I finally made an appointment to have a sleep study done. It was today at 10:00 a.m. Dr. Walkes doesn’t do them in the office anymore so they sent me home with a home kit! It is simple to set up.
The reason I decided to get one is that I wake up so tired every day and really don’t have the motivation to go to work. If I could, I would sleep all day. I know this has a lot to do with grief and depression because of everything that is going. I am trying to get the house remodeled and finished so we can put it up for sale as soon as it’s done and even though I’m not physically doing the work, it is exhausting. I just want to know for sure that it is not because of bad sleep that I am so tired. I have to return the test kit within the week and then they will let me know the results.
I love you and miss you!
So, a few month’s back (I can’t remember if I wrote you about this already), Mike and Cindy Herman were indicted by the Feds because of fraud and not paying their taxes on their restaurants. Ha! That should not surprise you because we always said they will get it in the end. He and Cindy eventually got caught for doing what they’ve always done.

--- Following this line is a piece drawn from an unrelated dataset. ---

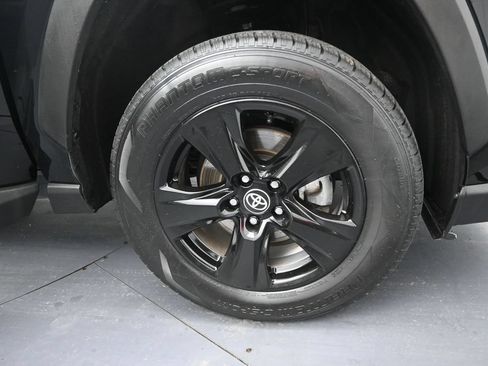 Used 2024 Toyota RAV4 XLE FWD image 42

Anyway, today was the arraignment and plea and the Federal Courthouse in downtown Austin. I took 3 hours PTO this morning just to be sitting in the courtroom and hopefully he would see my face. Well, I was the only one in the court audience except for a few federal inspectors. He definitely saw me and when I did catch his eye, I smiled big!
That’s it! I just wanted to tell you that the pervert finally got caught and took his wife along for the ride. They closed down both of their restaurants a long time ago.
I left Joey at Best Friends while I was gone to Kinder, so I drove straight there when I got home today. He is always so excited to see me and it makes my day, every day! Of course, you know how everyone there loves that little guy! He did get a little cough while he was there, but he had the kennel cough drops when he got there, so I don’t think it’s that. We will just have to see if it gets better and if not, I’ll take him to the vet. He’s still the Million Dollar dog! lol!
I had Glory come over to the house to take care of the cat’s food and water once a day. I am going to miss Glory’s help with the animals when I do move. By the way, I now realize how much I wasn’t home and how important it was for you staying home to take care of the animals. I had a live-in pet-sitter so I never realized how expensive and complicated it can get to get all of them where they need to be. 🙁
Good Night–Sleep Tight! I miss you.
Happy Easter to you! I went to The Kinder Bible church with mom and dad this morning. It was such a good service and we all got to see people we haven’t seen in years. You would have loved the service but hated that we stood around for half an hour talking to people and relatives.
For the first time in my life, I heard Resurrection Sunday more than I heard Easter Sunday. I know that is because of you dieing, I have become so much more involved in the Word, the Glory of God and my faith is so much stronger than before. If I did not believe that God has my back on this and everything, then I would not be able to get through this. Obviously this is part of God’s plan because I lost you, but my faith got stronger. Believe me I got angry and I got mad over this past year, but God didn’t let me down. I got through it. I don’t know how people that do not believe in God and trust him, get through a horrible time such as losing a husband or a loved one. The Grief is unbearable but I know he is going to get me through it.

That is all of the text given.